📝Joe Joyce wrote on Sun, Oct 4, 2009 04:12 PM UTC:
Interesting question, George, and a temptation to hubris. I think there are different answers to your questions, depending on who is asked. Our goal in this project was to nudge the CV world toward seeing shortrange pieces as valuable in themselves. If you're out there, Christine - congrats! It actually worked! It was, way back at the beginning, Christine's idea to do a shatranj collaboration that started the project. And, for this website, it got a very good response. A number of people made games for it. And new people have referenced it in their short range games. So, I think that what's really come out of the project is that others are more willing to use shortrange pieces as main pieces in games, not just filler. In this little corner of the world, that rates as success. In the wider world, who knows? I suspect that in the future many of our games will be played by the multi-billions of people online. This is because we will have actually playtested them, and some of the good ones will survive.
As for the best pieces coming out of the project, I can't say. The hero and shaman are the most unique, and my personal opinion is that David Paulowich's Opulent Lemurian Shatranj is a true test of chess skill on the highest levels.
But what I see is that the elephant [AF] and warmachine [DW] are showing up more, sometimes in a slightly different guise. Greg Strong's use of Betza's half duck [HFD], the scout [HW], which is an interesting, if twisted, knight analog, and the griffon [NHW] has apparently gotten people to look more, and use more, those sorts of pieces.

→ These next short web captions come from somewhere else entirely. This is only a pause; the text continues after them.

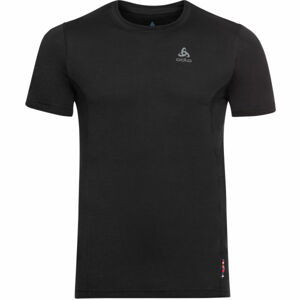 Odlo SUW MEN'S TOP CREW NECK S/S NATURAL+ LIGHT černá XL - Pánské tričko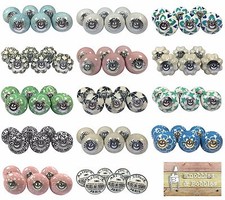 Ceramic knobs in sets of 6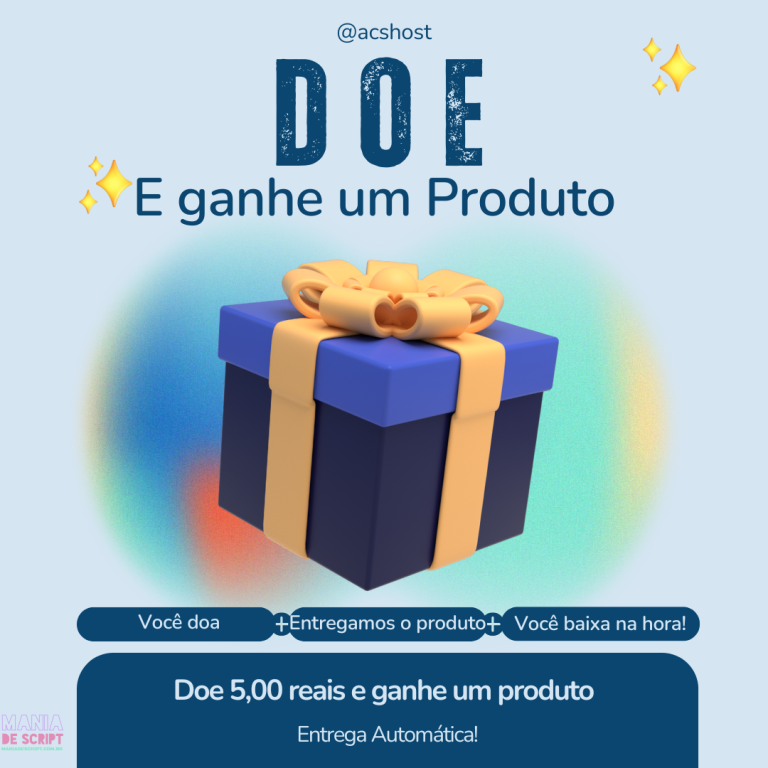 DOE 5.00 E GANHE UM PRODUTO SURPRESA - Promoção 01/2025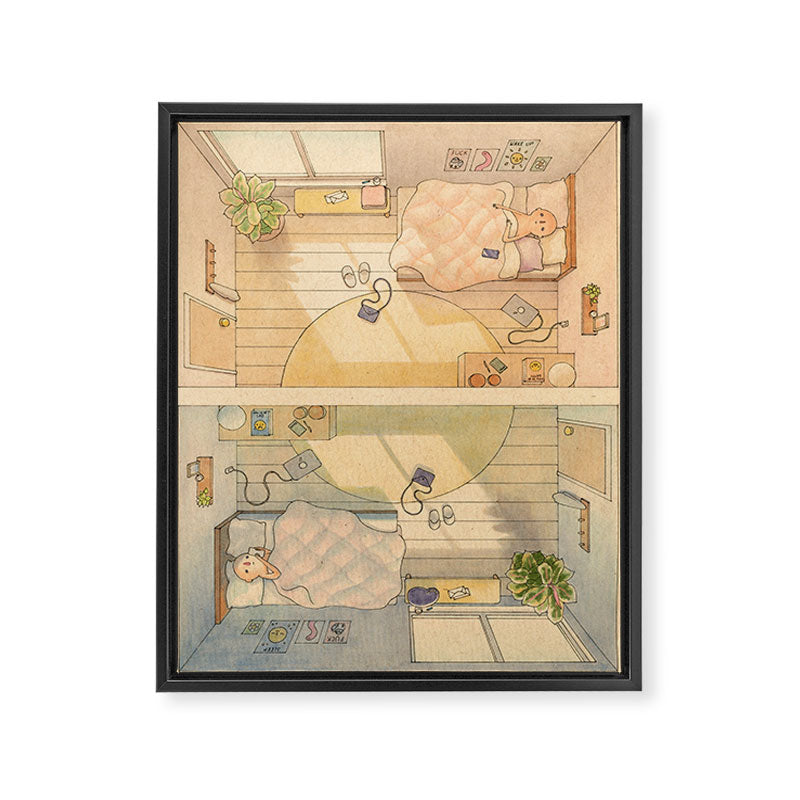Day and Night Framed Canvas Print Gallery Image 6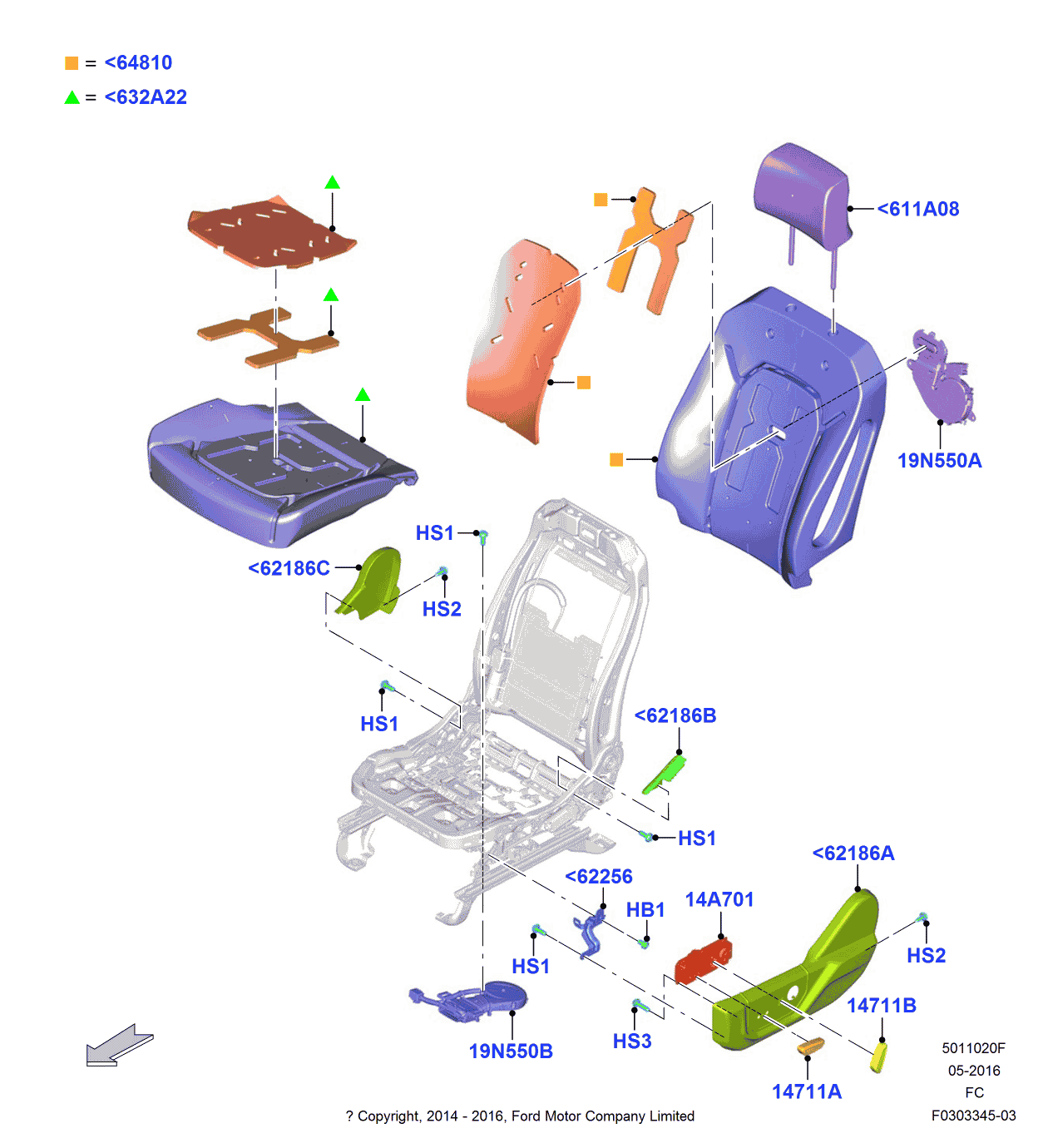 Ford FL3Z-1562187-CA Shield Assembly, Driver Side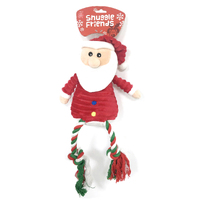 All Pet X-Mas Plush Santa with Rope Legs Dog Toy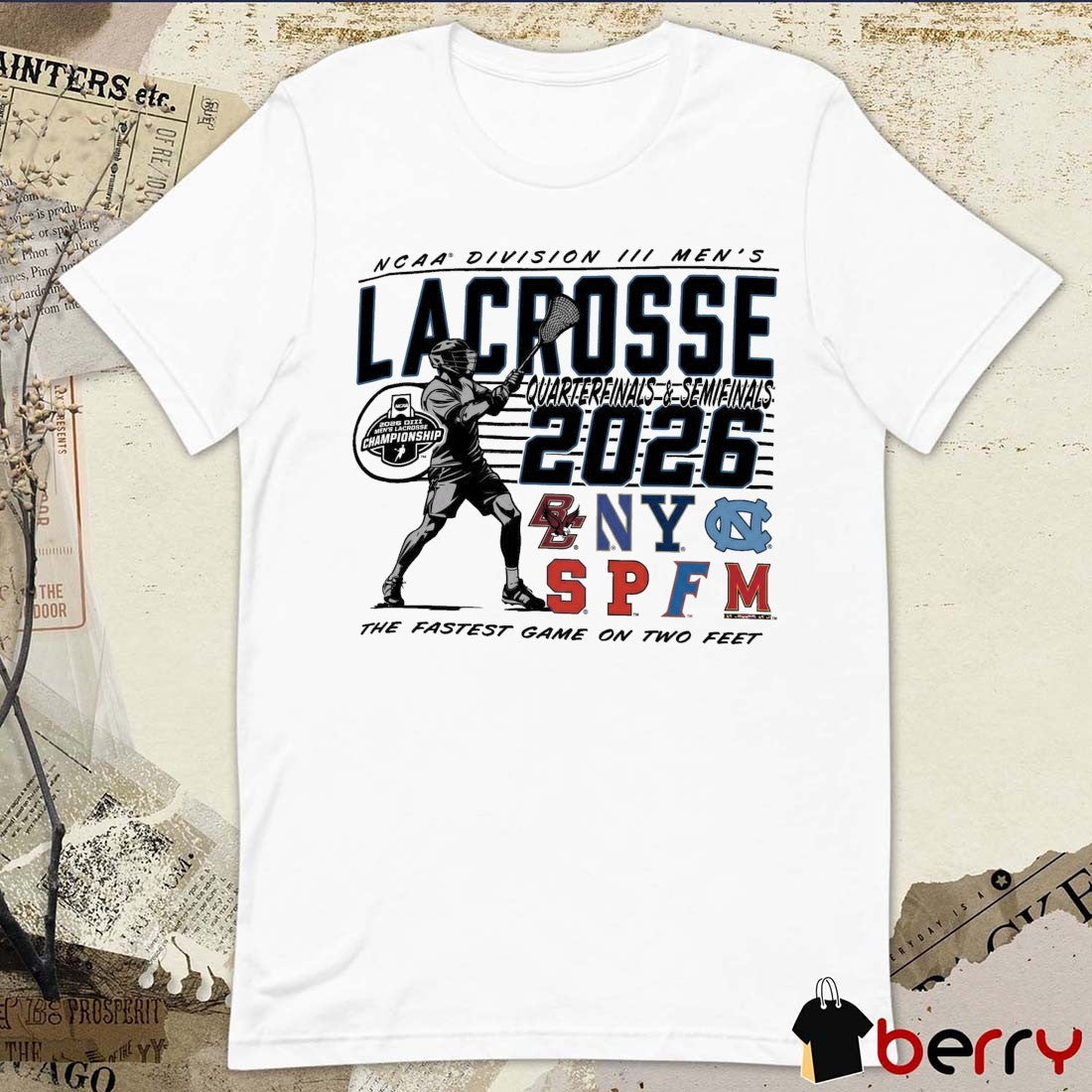 2026 NCAA Division III Men’s Lacrosse Championship quarterfinals and semifinals Charlottesville, VA The Fastest Game On Two Feet t-shirt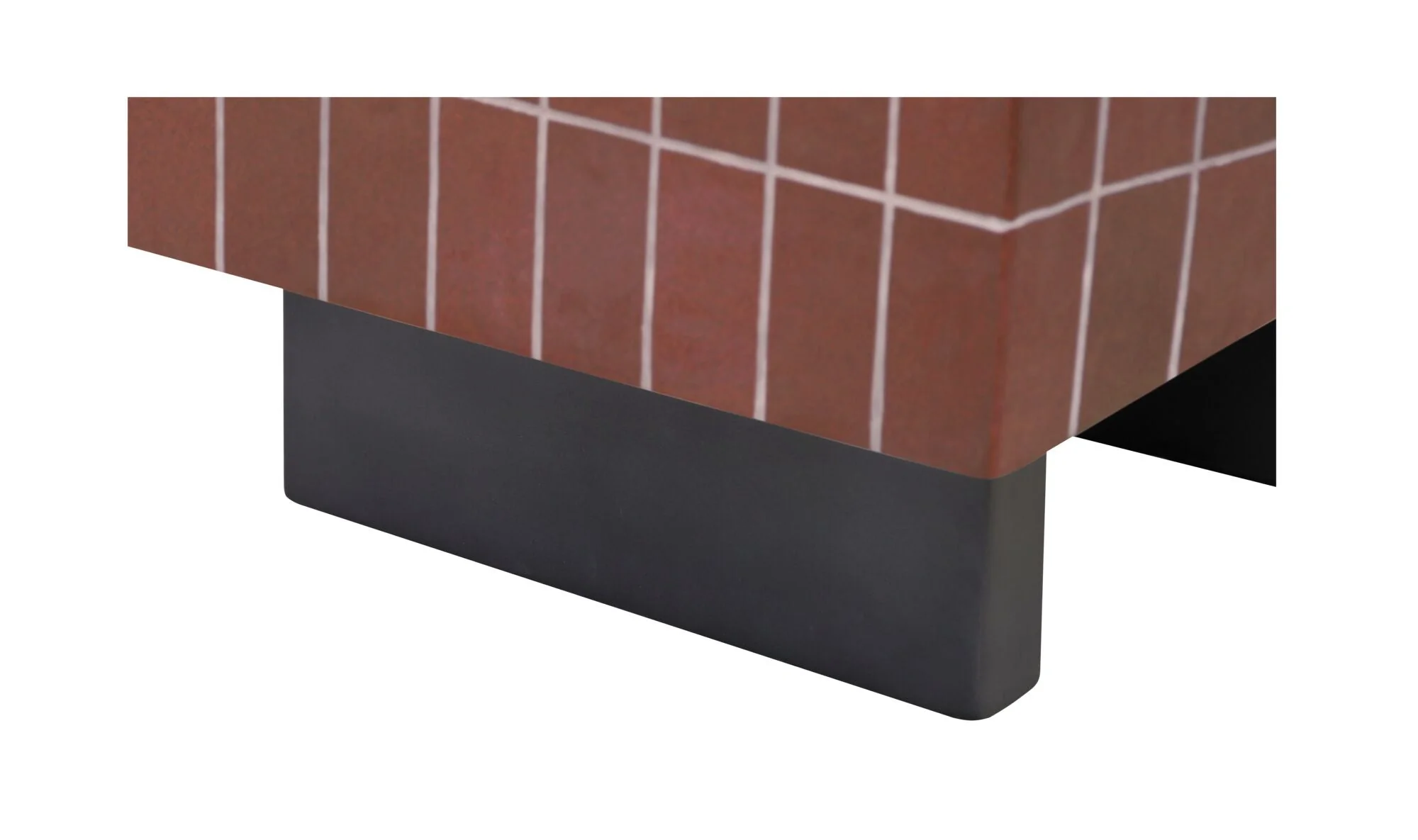 Farren Outdoor Side Table Brown - Image 7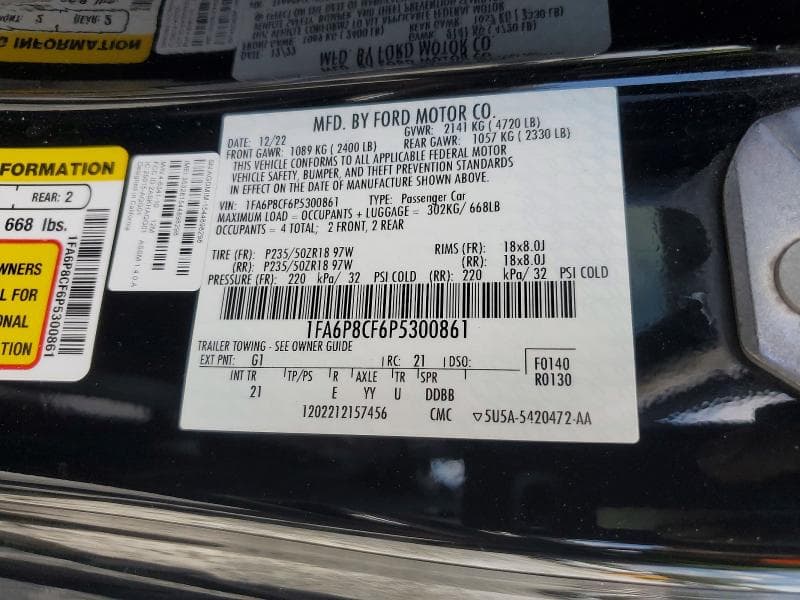 2023 FORD MUSTANG GT 12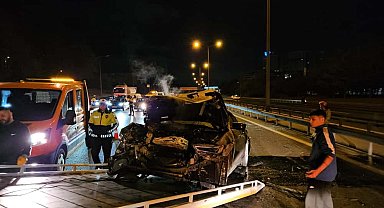 Hızlı sürücü başka otomobile arkadan çarptı, olay yerinden kaçtı: 1 yaralı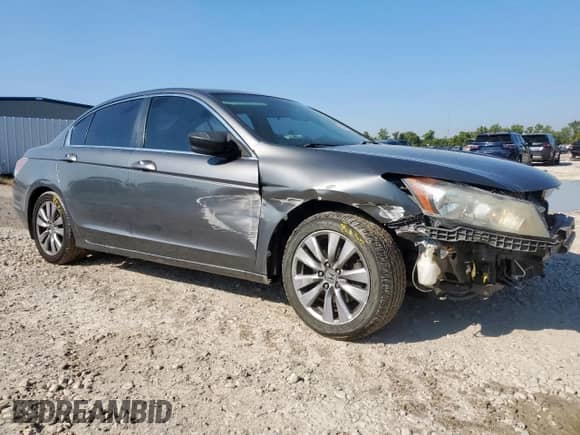 2012 Honda Accord EX with VIN 1HGCP2F71CA096195, listed as a Copart auction lot 80170685 with 128,072 mi miles and Salvage title. Bid and sale history available at DreamBid. Image 4.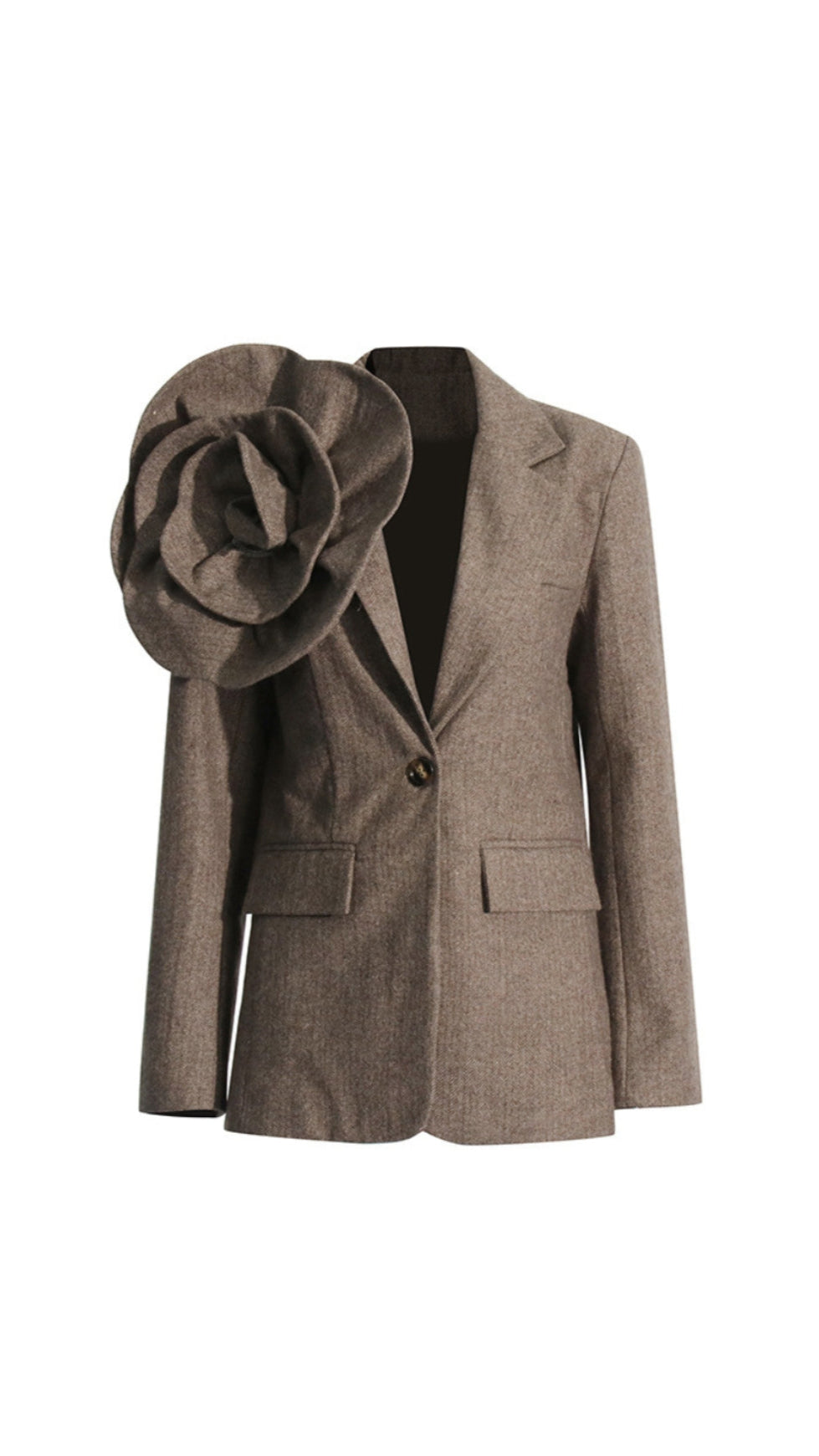 AIIZIE SADA FLOWER BLAZER - BROWN - product image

This points up another difference in short range pieces, awkwardness, a measure of how easy or not it is to use a piece. Compare the half duck to the linear hero [D+W]. Each reaches [up to] 12 squares, with a max range of 3. Each has stepping and leaping ability. Both color change. In fact, they both reach 8 of the same squares, of their respective 12. But the hero is an easier piece to use than the half duck. Some prefer that, some prefer it the other way.
One other thing the project looked at was larger boards. I encouraged Gary Gifford to make larger boards for his game, and he put together some interesting variants, where the pieces stayed the same, and the board changed. No one has picked up on this, but size does matter...
As far as spreading the games, TSRP is also on zillions with 30ish games, if I recall, and some of the shatranj variants have gotten onto free chess software, like Greg's ChessV or HG Muller's chess engines. So games are out there.